It is unlikely that debris from space missions, will hit a person when re-entering into the Earth’s atmosphere. But it can happen. Do you remember the ROSAT mission? In October last 2011, the German x-ray telescope satellite fell from space? It safely plunged into the water, at the Bay of Bengal, but a recently disclosed report by the European Space Agency (ESA) shows that, had the satellite delayed its fall just 7 to 10 minutes, it would have hit Beijing.
The satellite was launched on 1990, having fulfilled its purpose on February 1999 and consequently shut down. From that moment on, scientists knew it would re-enter the Earth’s atmosphere, but didn’t know when or where. And there was a problem: due to the solidity of the materials employed in its construction, large amounts of the satellite were likely to remain unburned. It was estimated that a 60% of the spacecraft, which weighed 2.5 tons, would reach the Earth.
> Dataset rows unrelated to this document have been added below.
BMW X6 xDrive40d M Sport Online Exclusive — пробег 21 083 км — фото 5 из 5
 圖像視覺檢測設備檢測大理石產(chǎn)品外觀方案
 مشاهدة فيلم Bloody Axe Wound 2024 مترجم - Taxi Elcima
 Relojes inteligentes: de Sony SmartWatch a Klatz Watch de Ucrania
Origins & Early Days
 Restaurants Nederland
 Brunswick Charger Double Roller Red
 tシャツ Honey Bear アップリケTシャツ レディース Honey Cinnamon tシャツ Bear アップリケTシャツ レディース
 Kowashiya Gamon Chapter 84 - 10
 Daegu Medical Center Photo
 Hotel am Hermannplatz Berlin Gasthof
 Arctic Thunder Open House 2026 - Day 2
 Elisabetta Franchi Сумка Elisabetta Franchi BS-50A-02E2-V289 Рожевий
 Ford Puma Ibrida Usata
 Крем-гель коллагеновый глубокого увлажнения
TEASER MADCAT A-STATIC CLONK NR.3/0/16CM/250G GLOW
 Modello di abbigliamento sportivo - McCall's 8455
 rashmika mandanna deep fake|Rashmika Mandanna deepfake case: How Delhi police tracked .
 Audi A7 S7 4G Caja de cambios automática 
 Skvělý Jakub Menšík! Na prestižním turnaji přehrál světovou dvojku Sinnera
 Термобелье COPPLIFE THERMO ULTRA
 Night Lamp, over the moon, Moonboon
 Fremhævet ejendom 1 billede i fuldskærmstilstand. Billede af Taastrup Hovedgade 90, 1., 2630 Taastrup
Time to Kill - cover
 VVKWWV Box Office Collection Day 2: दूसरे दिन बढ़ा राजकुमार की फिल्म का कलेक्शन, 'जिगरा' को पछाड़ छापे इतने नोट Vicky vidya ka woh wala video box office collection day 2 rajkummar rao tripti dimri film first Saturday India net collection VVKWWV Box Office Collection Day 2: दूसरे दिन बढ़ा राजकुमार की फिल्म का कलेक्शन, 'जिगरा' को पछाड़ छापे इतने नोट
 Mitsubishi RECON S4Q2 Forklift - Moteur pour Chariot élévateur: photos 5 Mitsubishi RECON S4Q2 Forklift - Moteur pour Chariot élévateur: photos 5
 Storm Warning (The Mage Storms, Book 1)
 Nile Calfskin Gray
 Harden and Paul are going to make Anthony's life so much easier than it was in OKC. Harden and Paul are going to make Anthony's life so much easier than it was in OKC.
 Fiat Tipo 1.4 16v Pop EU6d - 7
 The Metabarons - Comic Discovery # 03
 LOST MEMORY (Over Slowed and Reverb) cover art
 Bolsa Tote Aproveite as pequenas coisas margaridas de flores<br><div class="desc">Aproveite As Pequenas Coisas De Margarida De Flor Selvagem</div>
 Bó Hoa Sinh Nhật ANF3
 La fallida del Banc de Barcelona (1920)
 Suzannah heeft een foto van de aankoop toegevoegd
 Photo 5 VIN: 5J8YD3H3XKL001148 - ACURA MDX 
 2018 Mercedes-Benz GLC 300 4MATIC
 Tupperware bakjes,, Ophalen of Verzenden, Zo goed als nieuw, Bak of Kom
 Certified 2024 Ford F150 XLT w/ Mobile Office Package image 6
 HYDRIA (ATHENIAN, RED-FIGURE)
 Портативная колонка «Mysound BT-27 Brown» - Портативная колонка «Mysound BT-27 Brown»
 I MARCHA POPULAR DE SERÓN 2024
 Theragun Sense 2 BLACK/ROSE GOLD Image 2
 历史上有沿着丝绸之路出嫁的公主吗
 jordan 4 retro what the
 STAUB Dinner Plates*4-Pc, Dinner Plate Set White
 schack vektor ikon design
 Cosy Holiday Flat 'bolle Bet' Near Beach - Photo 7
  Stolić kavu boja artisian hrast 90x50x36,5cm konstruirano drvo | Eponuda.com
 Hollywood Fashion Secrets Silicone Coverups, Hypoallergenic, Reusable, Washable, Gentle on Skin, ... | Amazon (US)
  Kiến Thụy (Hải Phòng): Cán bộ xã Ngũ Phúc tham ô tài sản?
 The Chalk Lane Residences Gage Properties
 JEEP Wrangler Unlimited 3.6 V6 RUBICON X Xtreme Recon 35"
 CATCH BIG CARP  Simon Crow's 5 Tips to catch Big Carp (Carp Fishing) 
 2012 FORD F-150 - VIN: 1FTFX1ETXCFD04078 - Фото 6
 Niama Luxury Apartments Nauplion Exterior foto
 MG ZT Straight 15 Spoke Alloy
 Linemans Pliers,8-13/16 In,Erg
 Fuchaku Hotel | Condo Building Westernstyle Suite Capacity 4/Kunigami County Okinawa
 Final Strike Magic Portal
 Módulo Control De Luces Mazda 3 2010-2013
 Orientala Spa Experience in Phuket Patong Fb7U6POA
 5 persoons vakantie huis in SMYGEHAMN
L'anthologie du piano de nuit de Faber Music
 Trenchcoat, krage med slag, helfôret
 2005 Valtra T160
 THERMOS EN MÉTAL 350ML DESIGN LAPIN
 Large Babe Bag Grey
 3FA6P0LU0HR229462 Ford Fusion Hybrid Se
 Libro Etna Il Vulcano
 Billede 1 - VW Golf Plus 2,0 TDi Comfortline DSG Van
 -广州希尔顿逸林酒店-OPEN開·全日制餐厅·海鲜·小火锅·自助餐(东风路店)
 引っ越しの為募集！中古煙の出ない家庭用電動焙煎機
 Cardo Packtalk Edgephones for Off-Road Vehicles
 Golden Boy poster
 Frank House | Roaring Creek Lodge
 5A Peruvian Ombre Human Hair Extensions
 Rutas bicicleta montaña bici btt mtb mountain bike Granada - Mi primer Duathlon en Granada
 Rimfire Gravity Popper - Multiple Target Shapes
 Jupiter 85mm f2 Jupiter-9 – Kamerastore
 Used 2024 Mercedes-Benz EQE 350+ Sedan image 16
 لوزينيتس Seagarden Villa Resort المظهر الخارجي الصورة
The ESA tracks the falling of these satellites, but there is little they can do apart from delivering estimations. In this case, they knew Beijing was in the orbit’s path of the ROSAT, but they needed some months after the re-entry to gather enough information about how high the risk of actually hitting the city had been. According to the German Aerospace Center (DLR), “the probability of someone somewhere on Earth getting injured [for this kind of events] is about 1 in 2,000”. Nothing has happened so far, but is it really a matter of chance?